1

I got my SPA website (based on Node/Express/Mongo/Angular X) up and running. I created a sitemap.xml and submitted to Microsoft Bing, and from the server log, I see they started crawling. However, I noticed the page URL is called, but not the associated API for that page. So, basically it's just indexing the static skeleton of each page, not the dynamic real content.

I googled and see people saying "google can't index dynamic content" as suggested in this article. However, I also see other people saying crawler is just a person browsing and it should get its dynamic content.
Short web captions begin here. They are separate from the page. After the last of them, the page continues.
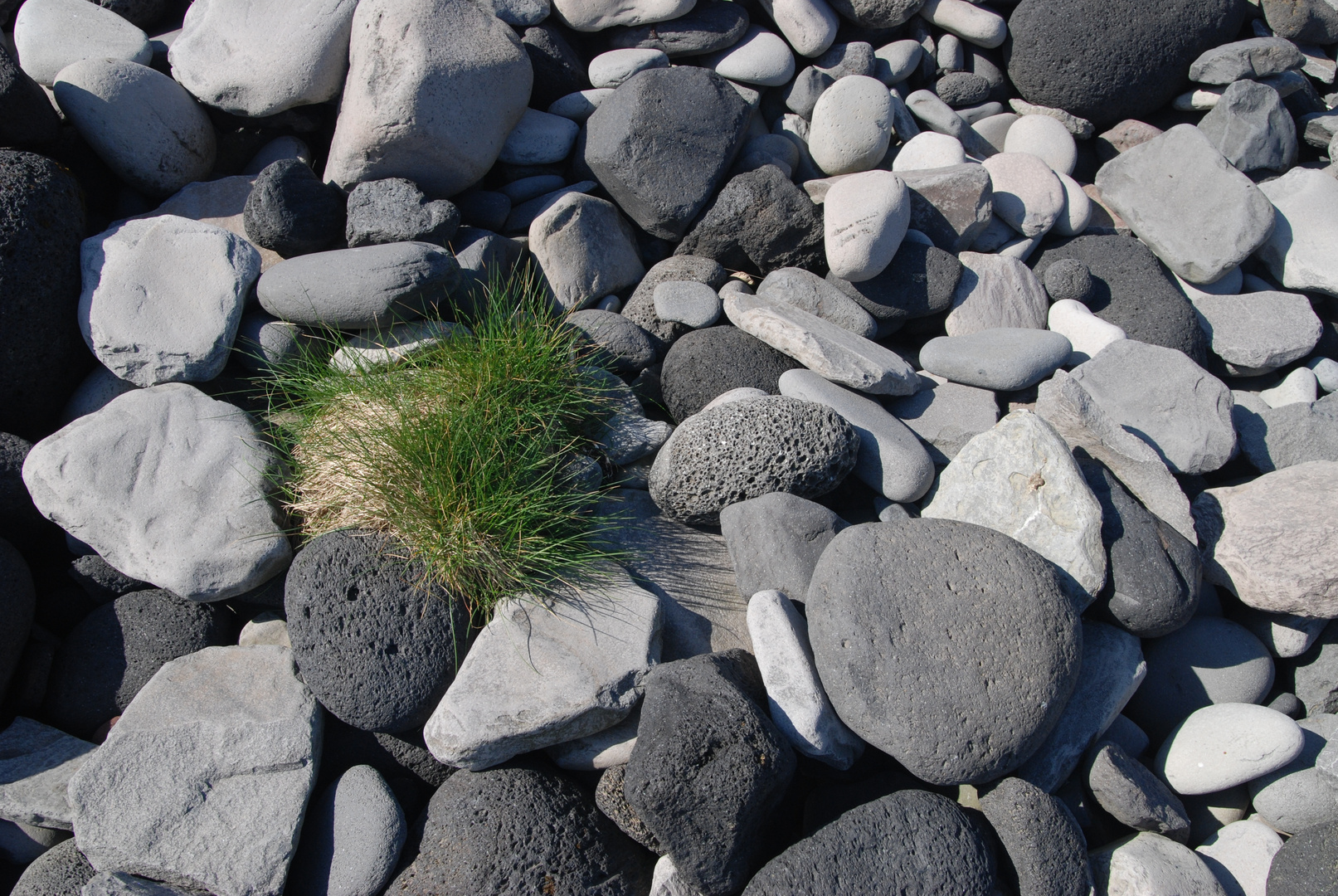 Grass between the stones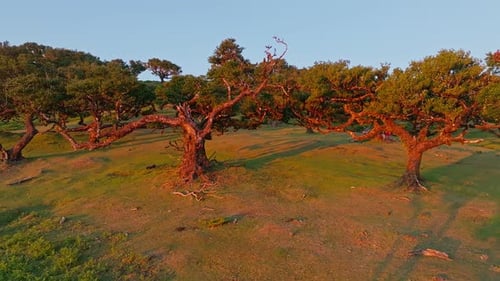 Aerial Drone Shot of Fanal Forest Trees on Madeira Island Portugal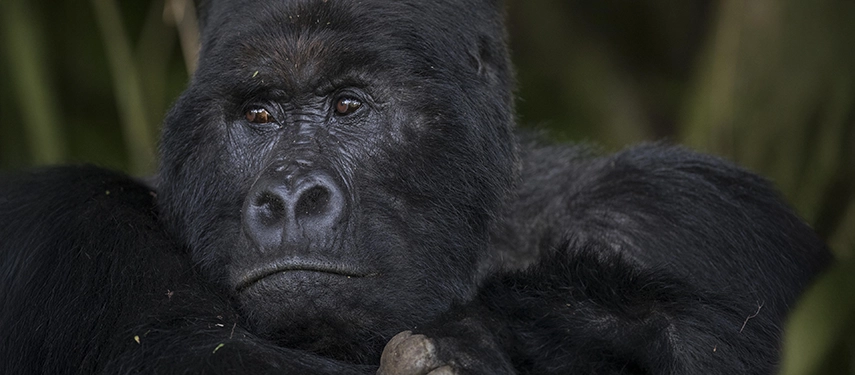 A close-up portrait of a mountain gorilla in Bwindi Impenetrable Forest, one of the extraordinary wildlife encounters near Volcanoes Bwindi Lodge.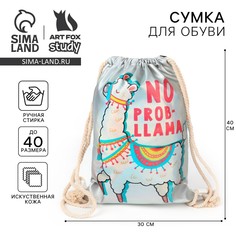 Мешок для обуви Art Fox Study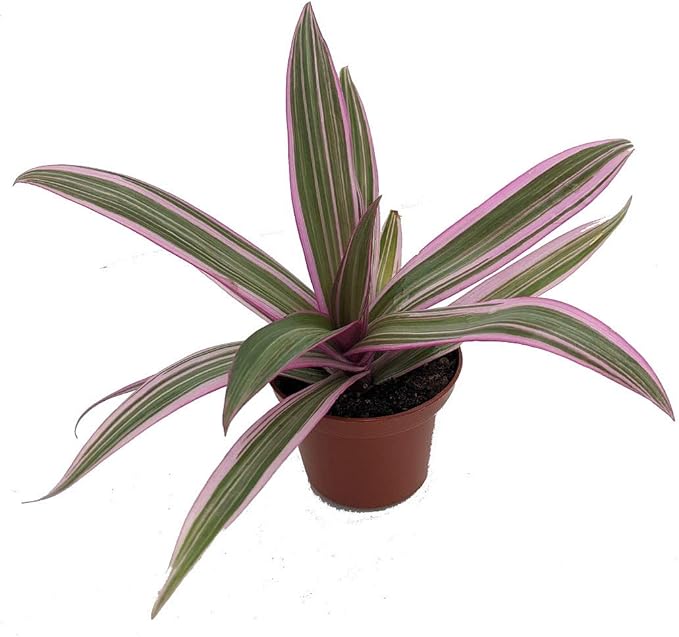 Tricolor Moses in The Cradle Plant -Rhoeo spathacea Tricolor - 2.5" Pot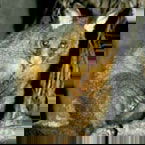 Warrawong Wildlife Park - Accommodation Burleigh 2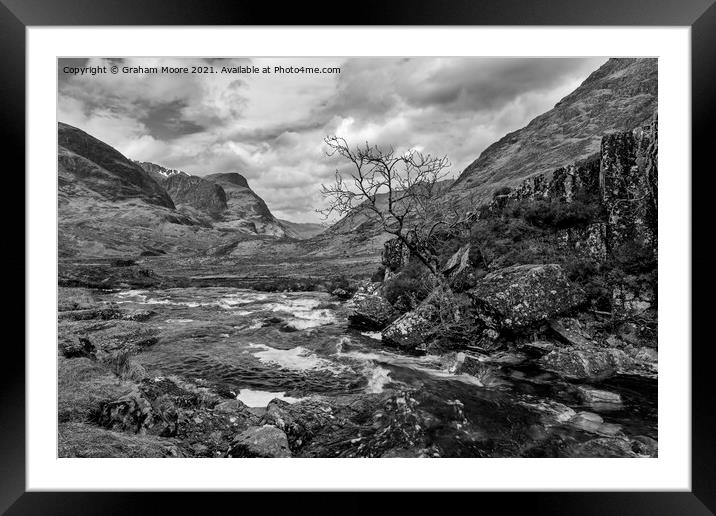 Lone tree in glencoe monochrome Framed Mounted Print by Graham Moore
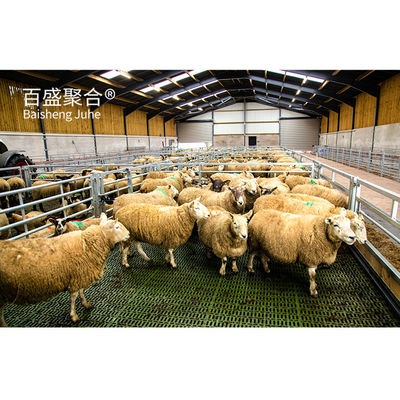 맞춤 색상 강철 빔 양/소/돼지/고소/염소 농장 가옥을 위한 가공 동물 가옥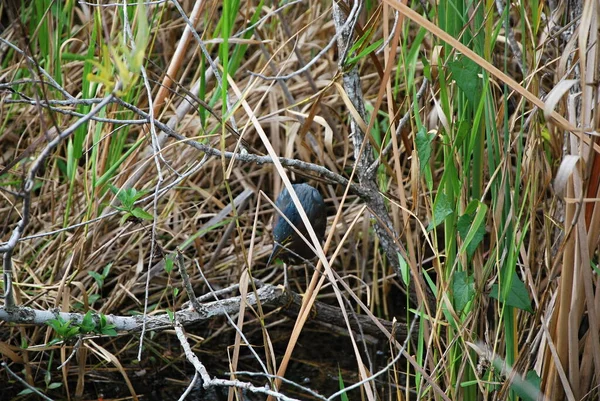 Aves Parque Nacional Everglades Florida — Foto de Stock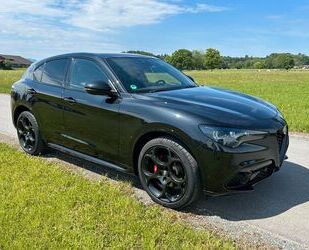 Alfa Romeo Stelvio Gebrauchtwagen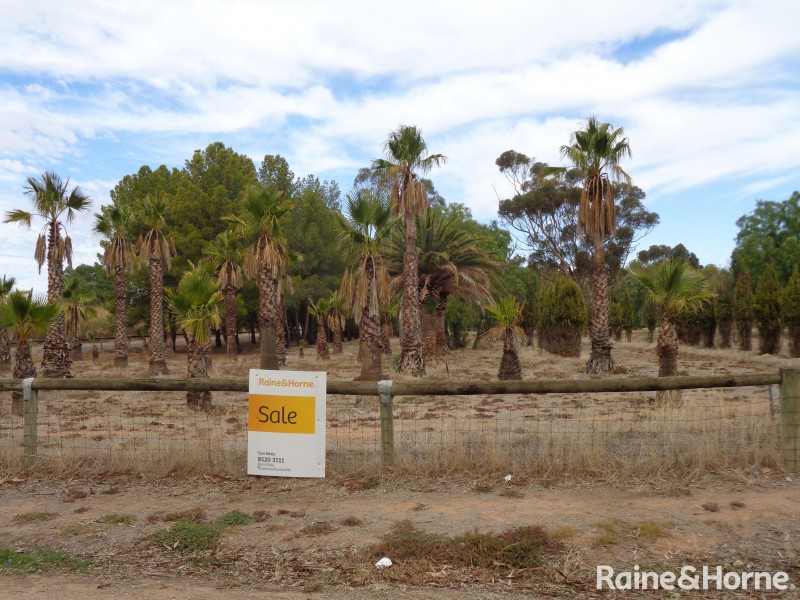 124 Dawkins Road, Lewiston SA 5501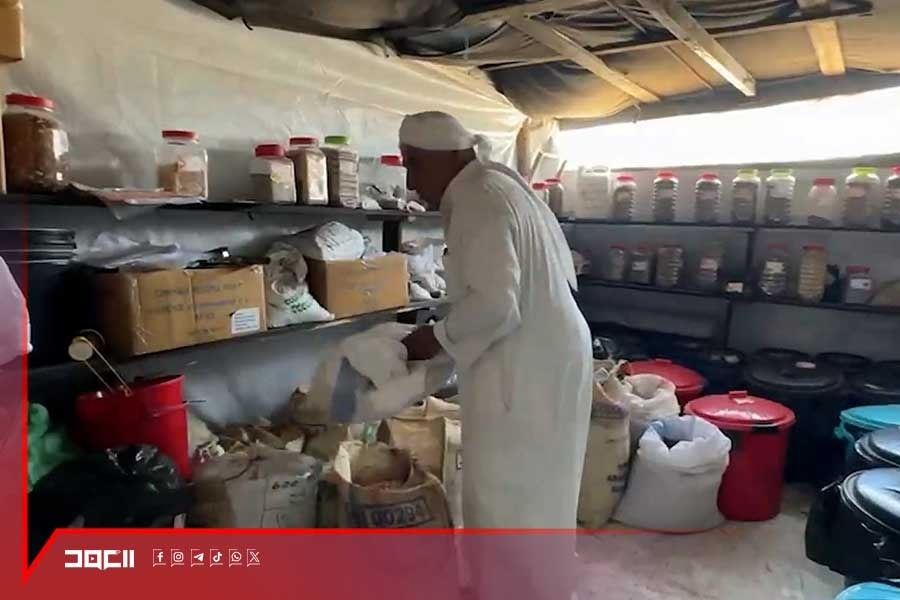 بنك البذور... فتاة ووالدها يعيدان إحياء ذاكرة الأرض في غزة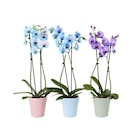 Orchidée teintée - Carrefour à Saint-Étienne Orchidée teintée en promo chez Carrefour Saint-Étienne à 14,99 €
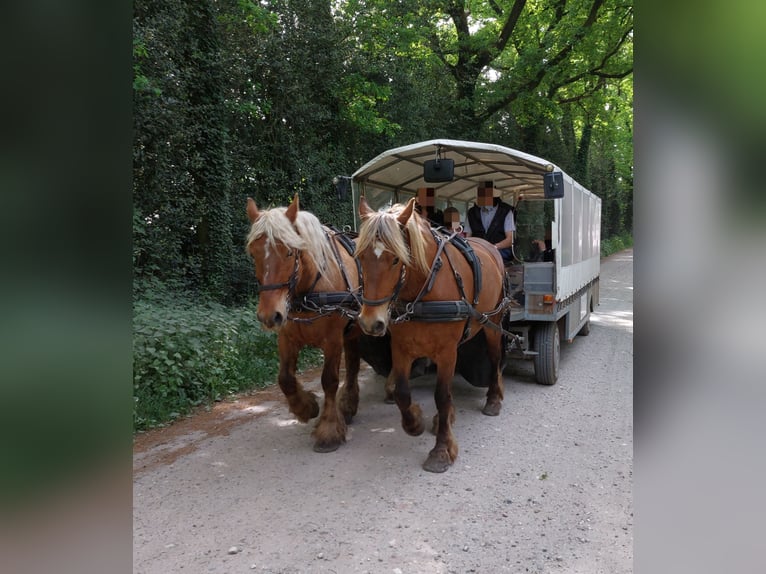 Altre razze Mix Giumenta 5 Anni 153 cm Sauro in Meterik
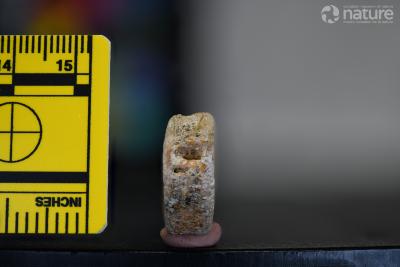 Ameiurus maconnellii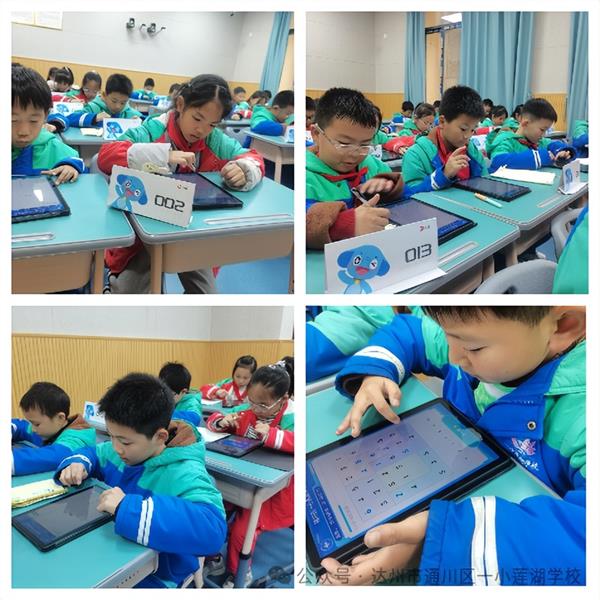 1765533672219197.jpg 5.jpg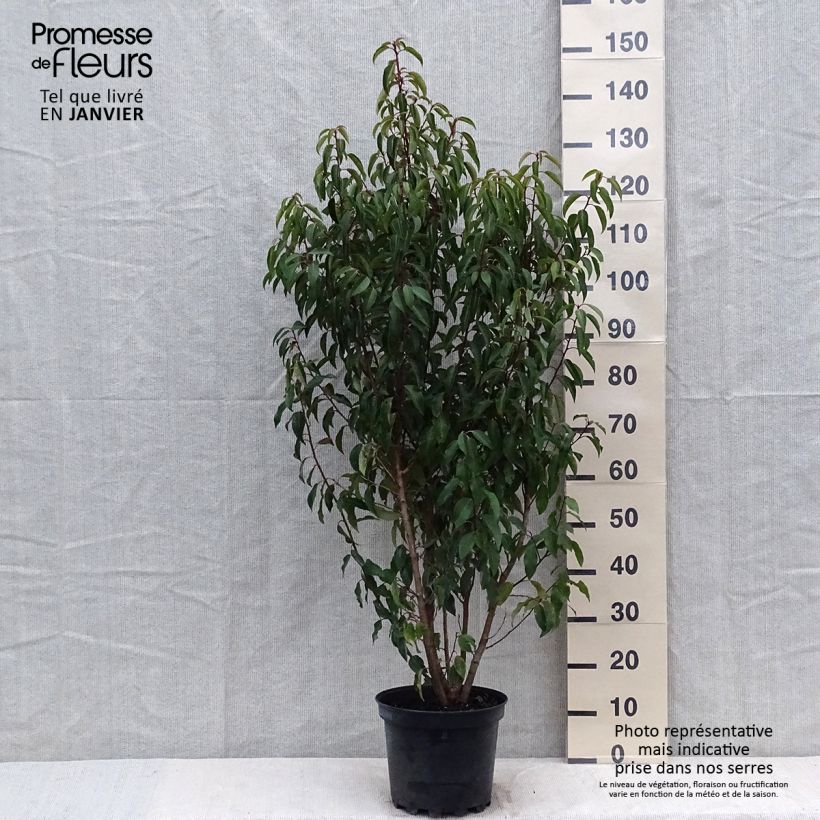 Prunus lusitanica Myrtifolia - Lauro del Portogallo Vaso da 6L/7L esemplare consegnato in inverno
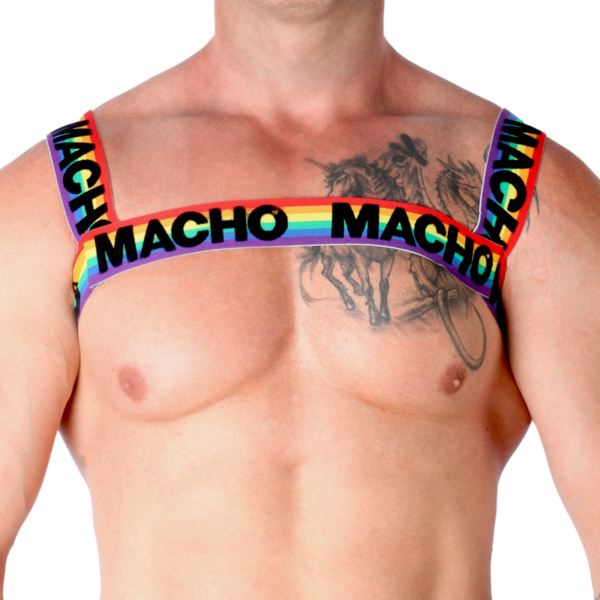 MACHO - ARNÉS DOBLE PRIDE LIMITED - Imagen 5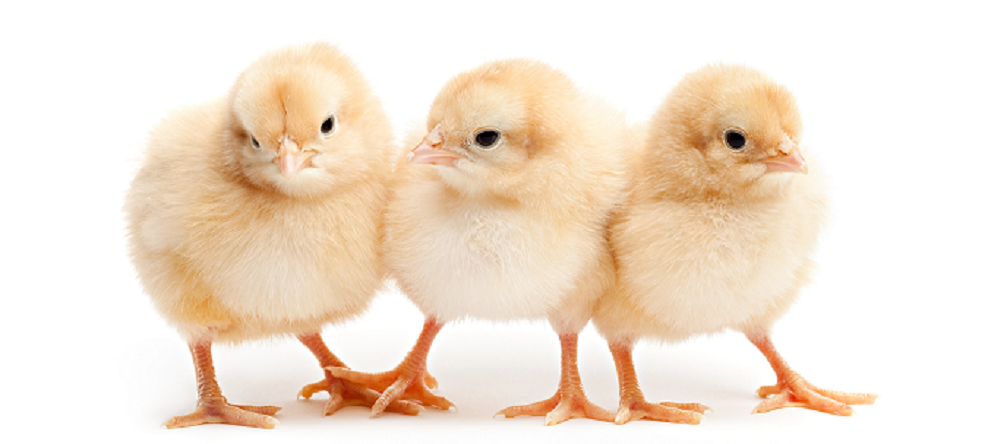 Beneficios del alimento balanceado para la industria avícola
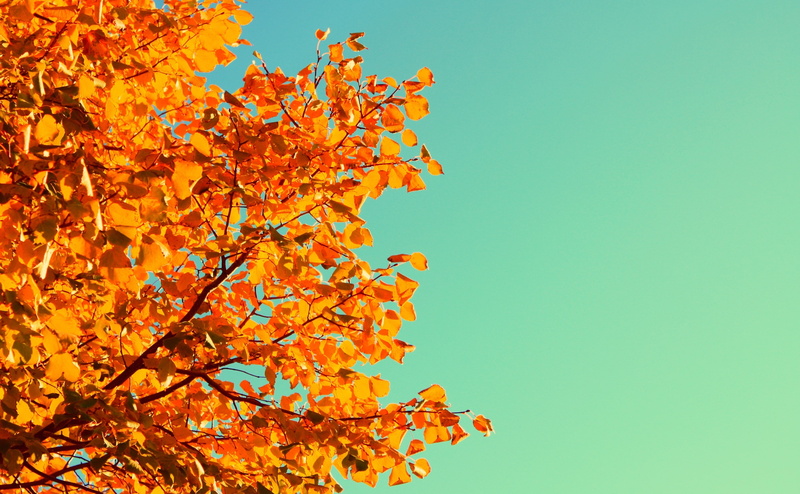 Autumn, maple tree, natural condition, 4K, plant, leaf, Natural, tree, Vivid, Photos, Photographer, mothernature, maple leaf, low angle view, Images, outdoors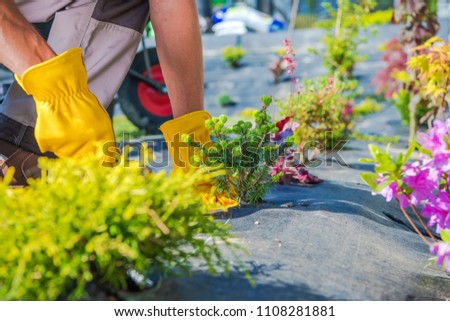 Gardener Spring Planting. Caucasian Garden Technician During Process of Creating New Lawn Around the House. Royalty-Free Stock Photo #1108281881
I'm confused. Can somebody clarify? How to fix it?

newman
  • 6,841
  • 21
  • 79
  • 126
  • Web crawlers don't execute JavaScript. Google probably has a more sophisticated crawler that does, but most don't. It's just too compute intensive for trillions of pages. Add a static link for crawlers to follow. See https://stackoverflow.com/a/28075506/148844 – Chloe May 11 '18 at 20:13
  • 1
    @Chloe "Web crawlers don't execute JavaScript" is not true anymore. https://stackoverflow.com/a/1785101/8384 – McKay May 21 '18 at 20:05

1 Answers1

-1

Web crawlers don't execute JavaScript. Google probably has a more sophisticated crawler that does, but most don't. It's just too compute intensive for trillions of pages. Add a static link for crawlers to follow. See https://stackoverflow.com/a/28075506/148844

Bing doesn't index JavaScript generated content.

https://www.bing.com/webmaster/help/webmaster-guidelines-30fba23a

Site technology The technology used on your website can sometimes prevent Bingbot from being able to find your content. Rich media (Flash, JavaScript, etc.) can lead to Bing not being able to crawl through navigation, or not see content embedded in a webpage. To avoid any issue, you should consider implementing a down-level experience which includes the same content elements and links as your rich version does. This will allow anyone (Bingbot) without rich media enabled to see and interact with your website.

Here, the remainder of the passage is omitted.